Some colleges, including John XXIII, where four students were suspended during Orientation Week for sexist chanting, have made the Consent Matters program compulsory. More than 1000 students have completed the hour-long module.
"There's more to consent than a simple yes or no," an introductory video tells students. "This course will show you what consent looks and sounds like."
The module covers topics including misconceptions about consent, relationships, the spectrum of sexual activities and positive intervention, which encourages witnesses of questionable behaviour to intervene.
Students work through several multiple choice scenarios, quizzes and videos to learn the appropriateness of different behaviours.
One scenario sees a group of students drinking together at a bar. Louise and Alex get cosy at pre-drinks, and friends later agree that each person has "a reputation".
"She's a guaranteed lay, mate," one man says to Alex, as the pair get progressively more drunk.
Louise can barely stand mid-cartoon. Can Louise consent to sex with Alex?
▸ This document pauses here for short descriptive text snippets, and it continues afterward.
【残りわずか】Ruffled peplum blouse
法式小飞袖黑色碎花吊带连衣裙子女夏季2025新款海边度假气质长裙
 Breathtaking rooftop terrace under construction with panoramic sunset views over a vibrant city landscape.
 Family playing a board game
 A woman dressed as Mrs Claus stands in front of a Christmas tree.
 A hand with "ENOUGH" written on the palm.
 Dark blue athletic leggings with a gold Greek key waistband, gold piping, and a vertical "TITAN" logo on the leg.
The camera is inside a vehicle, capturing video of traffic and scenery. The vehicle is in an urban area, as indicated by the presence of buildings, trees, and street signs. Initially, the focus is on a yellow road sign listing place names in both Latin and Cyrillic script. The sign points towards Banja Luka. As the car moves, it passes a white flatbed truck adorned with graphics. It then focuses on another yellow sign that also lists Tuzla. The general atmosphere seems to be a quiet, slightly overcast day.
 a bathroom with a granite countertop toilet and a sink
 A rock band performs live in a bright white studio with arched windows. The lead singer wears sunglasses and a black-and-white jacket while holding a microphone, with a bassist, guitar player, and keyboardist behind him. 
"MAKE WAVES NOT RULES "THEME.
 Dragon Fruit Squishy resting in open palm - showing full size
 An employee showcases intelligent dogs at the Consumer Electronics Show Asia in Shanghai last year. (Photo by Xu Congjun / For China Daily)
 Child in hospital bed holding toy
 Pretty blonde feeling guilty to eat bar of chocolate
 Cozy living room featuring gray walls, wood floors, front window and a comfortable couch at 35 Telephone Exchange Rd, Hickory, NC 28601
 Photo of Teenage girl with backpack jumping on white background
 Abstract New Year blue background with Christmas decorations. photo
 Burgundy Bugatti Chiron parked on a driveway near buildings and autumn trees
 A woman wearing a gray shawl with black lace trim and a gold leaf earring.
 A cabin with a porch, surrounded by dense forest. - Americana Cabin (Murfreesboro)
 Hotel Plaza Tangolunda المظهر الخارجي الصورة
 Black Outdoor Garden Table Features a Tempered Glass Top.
"Absolutely not," the module firmly states. "Louise does not have the capacity to consent to sex."
ANU deputy vice-chancellor Marnie Hughes-Warrington said the university was working on a similar module for staff.
"There is a strong argument for making this type of training compulsory for all our staff and students," Professor Hughes-Warrington said.
Epigeum, the UK-based company that developed the program, described Consent Matters as "ideal for universities who want to articulate a zero tolerance approach to sexual violence and harassment".
"Students take part in an interactive online course that explores consent, relationships and positive intervention in way that is both down-to-earth and empowering – which means equipping students with the skills and confidence to call out and challenge unacceptable behaviour," director Bonny Legge said.
John XXIII head Geoff Johnston said the college made Consent Matters mandatory as part of its O-Week training on respect, relationships and alcohol.
"It's where you've got to start," he said.
"Education is a critical part of making people aware of situations and making them aware of what is appropriate and what isn't appropriate and what we're also doing is saying we've got standards here, this is the values we expect, this is where we draw the line and if you cross the line there'll be consequences.
"Let me put it this way: you're dealing with students who are getting away from home, getting a bit of independence for the first time, and that is always going to be a challenge."
ANU has run annual training with the Canberra Rape Crisis Centre for senior residents in its colleges since 2005 but rolled out the pilot online training for the first time this year.
It was the first among the Group of Eight universities to do so and the first in Australia alongside the University of Newcastle.